Something done with speakeazie a lot is the combination of a variety of genres, Ashtray Tears has a lot of passionate self doubt and devotion. The build up is meant to capture that and feel that rawness makes it more unique.
4.) You combine a modern-day sensibility in Ashtray Tears which does a mean Rhumba and Charleston with the very best of the Big Band and Jazz sound of the 1920s-1930s. How did you hit upon this brilliant form of alchemy?
I just really love the 1920s/1930s. I came from a family of bootleggers, hints my EP released earlier this year ‘Bootlegger Blood’. speakeazie has always been a project about expressing my deepest and darkest emotions. On the sound side, I actually listen to a lot of music from the 20s and 30s, it is easy to appreciate it when it speaks to a special part of me, especially here in the Twin Cities where the history of these decades is so rich.
5.) Who was your producer on Ashtray Tears and what did that collaboration look like in the studio?
I co-produce with my good friend Viktor Kraus, he is fantastic. While speakeazie is my writing and musical vision, Viktor is really good at helping me get the sound to exactly what I feeling out.
6.) Who are some of the other mighty-talented individuals who make up the sound of Speakeazie?
Other than me, just Viktor Kraus! We are a small duo just doing our thing.
7.) How is Ashtray Tears similar to some of your prior music such as Prohibition Hippie? How is it different?

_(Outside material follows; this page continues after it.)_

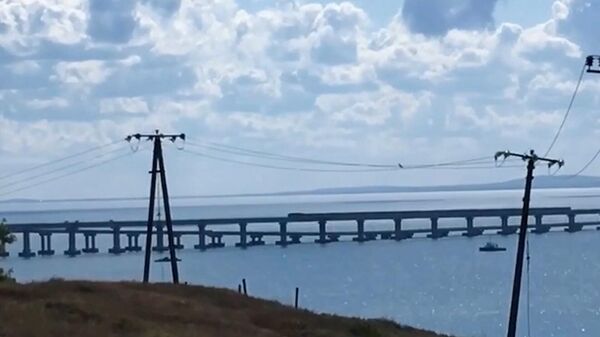 Поезд прошел по Крымскому мосту после возобновления железнодорожного движения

Ashtray Tears is similar to my previous works in many ways in regards to passion, rawness, and being synth heavy. I would say it is different by pulling more of a hip-hop influence through the beat and drive. I think lyrically it is more hopeful than my previous songs as well.
8.) What do you hope listeners walk away with after giving Ashtray Tears copious spins on their record players?
I really want listeners to go somewhere within themselves and sort through their feelings. I feel like we are constantly on the go or feel like we have to if we aren’t in society and that makes it difficult to get intimate with how we are feeling, not only about others, but ourselves too. I think it is also important to note that you are worthy of being loved despite how broken you may feel. It can sometimes be overwhelming, but take it as it is and don’t be afraid to embrace that realization if/when it comes. Forgive yourself.
9.) Who inspires you musically?
Too many to list! Specifically for speakeazie material, Cigarettes After Sex, Wet, Alvvays, and The War On Drugs are other popular indie artist I would say really stand out to me.
10.) Your roots extend to the South. How do those roots inform your altogether refreshing style of music?
I like to say all my badass qualities come from the South. Unfortunately, I would also say most of my toxic qualities come from there as well. There is a reason why I left. Some of the sass, impatience, and angst that can be heard in some of my music is a lot of the Southern touch. I may be emotional, but I am also not one to mess with. I like to make that very clear in my music.
11.) As a singer and songwriter, which comes first for you – the lyrics or the music?
The music ALWAYS comes first. I usually start to feel a certain kind of way and go hungry for the right chord progression/synth sound that can help me get to the right state to begin writing lyrics. Writing lyrics before music is hard for me, so most of the time if I do use writing from before I get the proper chords, it is going to just be small lines or phrases I came up with in a dark or emotional state.
12.) On the heels of the release of Ashtray Tears can fans look forward to an LP release from you in 2023?
Yes! I’ll be launching another EP early 2023 and another LP is on the horizon.
13.) Final – SILLY! – Question: Which band would you give your left eyeteeth to see in concert – Big Bad Voodoo Daddy or Squirrel Nut Zippers?
Musically, the Big Bad Voodoo Daddy. BUT, live I would for sure pick Squirrel Nut Zippers. They’re quirky, I mean, come on?